◆ **Extracted records**:

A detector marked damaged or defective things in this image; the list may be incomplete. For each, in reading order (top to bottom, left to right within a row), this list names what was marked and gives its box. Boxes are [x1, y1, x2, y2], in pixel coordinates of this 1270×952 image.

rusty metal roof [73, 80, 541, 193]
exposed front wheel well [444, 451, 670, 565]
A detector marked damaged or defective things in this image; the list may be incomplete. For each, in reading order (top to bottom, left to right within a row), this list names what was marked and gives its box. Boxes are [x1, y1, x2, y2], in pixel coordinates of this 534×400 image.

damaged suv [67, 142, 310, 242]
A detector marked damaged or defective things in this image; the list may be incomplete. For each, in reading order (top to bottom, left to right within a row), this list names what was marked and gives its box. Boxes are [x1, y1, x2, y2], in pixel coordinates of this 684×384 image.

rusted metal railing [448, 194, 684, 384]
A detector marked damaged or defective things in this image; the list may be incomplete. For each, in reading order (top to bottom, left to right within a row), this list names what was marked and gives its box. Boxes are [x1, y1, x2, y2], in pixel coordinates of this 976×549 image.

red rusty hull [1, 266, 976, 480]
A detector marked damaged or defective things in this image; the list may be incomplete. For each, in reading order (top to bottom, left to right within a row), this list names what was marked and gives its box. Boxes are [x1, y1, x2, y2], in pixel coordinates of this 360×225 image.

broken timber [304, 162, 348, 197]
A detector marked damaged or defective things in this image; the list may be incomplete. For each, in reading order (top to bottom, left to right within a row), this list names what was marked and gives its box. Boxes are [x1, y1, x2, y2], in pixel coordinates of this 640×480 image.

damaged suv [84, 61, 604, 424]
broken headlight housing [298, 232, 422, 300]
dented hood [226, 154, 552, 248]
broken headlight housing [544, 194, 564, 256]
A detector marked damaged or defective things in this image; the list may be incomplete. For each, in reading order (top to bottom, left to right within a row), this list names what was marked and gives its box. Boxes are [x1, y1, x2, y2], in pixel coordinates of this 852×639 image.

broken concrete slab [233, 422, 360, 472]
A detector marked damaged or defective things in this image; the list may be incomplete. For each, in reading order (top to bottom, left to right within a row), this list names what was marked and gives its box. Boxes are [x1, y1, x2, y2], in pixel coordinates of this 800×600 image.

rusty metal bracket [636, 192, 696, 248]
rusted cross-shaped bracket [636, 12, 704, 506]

◆ **Task goal**: All of the data above is to be transcribed without alteration.

◆ **Task result**:
A detector marked damaged or defective things in this image; the list may be incomplete. For each, in reading order (top to bottom, left to right within a row), this list names what was marked and gives its box. Boxes are [x1, y1, x2, y2], in pixel coordinates of this 1270×952 image.

rusty metal roof [73, 80, 541, 193]
exposed front wheel well [444, 451, 670, 565]
A detector marked damaged or defective things in this image; the list may be incomplete. For each, in reading order (top to bottom, left to right within a row), this list names what was marked and gives its box. Boxes are [x1, y1, x2, y2], in pixel coordinates of this 534×400 image.

damaged suv [67, 142, 310, 242]
A detector marked damaged or defective things in this image; the list may be incomplete. For each, in reading order (top to bottom, left to right within a row), this list names what was marked and gives its box. Boxes are [x1, y1, x2, y2], in pixel coordinates of this 684×384 image.

rusted metal railing [448, 194, 684, 384]
A detector marked damaged or defective things in this image; the list may be incomplete. For each, in reading order (top to bottom, left to right within a row), this list names what was marked and gives its box. Boxes are [x1, y1, x2, y2], in pixel coordinates of this 976×549 image.

red rusty hull [1, 266, 976, 480]
A detector marked damaged or defective things in this image; the list may be incomplete. For each, in reading order (top to bottom, left to right within a row), this list names what was marked and gives its box. Boxes are [x1, y1, x2, y2], in pixel coordinates of this 360×225 image.

broken timber [304, 162, 348, 197]
A detector marked damaged or defective things in this image; the list may be incomplete. For each, in reading order (top to bottom, left to right within a row), this list names what was marked and gives its box. Boxes are [x1, y1, x2, y2], in pixel coordinates of this 640×480 image.

damaged suv [84, 61, 604, 424]
broken headlight housing [298, 232, 422, 300]
dented hood [226, 154, 552, 248]
broken headlight housing [544, 194, 564, 256]
A detector marked damaged or defective things in this image; the list may be incomplete. For each, in reading order (top to bottom, left to right within a row), this list names what was marked and gives its box. Boxes are [x1, y1, x2, y2], in pixel coordinates of this 852×639 image.

broken concrete slab [233, 422, 360, 472]
A detector marked damaged or defective things in this image; the list may be incomplete. For each, in reading order (top to bottom, left to right within a row), this list names what was marked and gives its box. Boxes are [x1, y1, x2, y2], in pixel coordinates of this 800×600 image.

rusty metal bracket [636, 192, 696, 248]
rusted cross-shaped bracket [636, 12, 704, 506]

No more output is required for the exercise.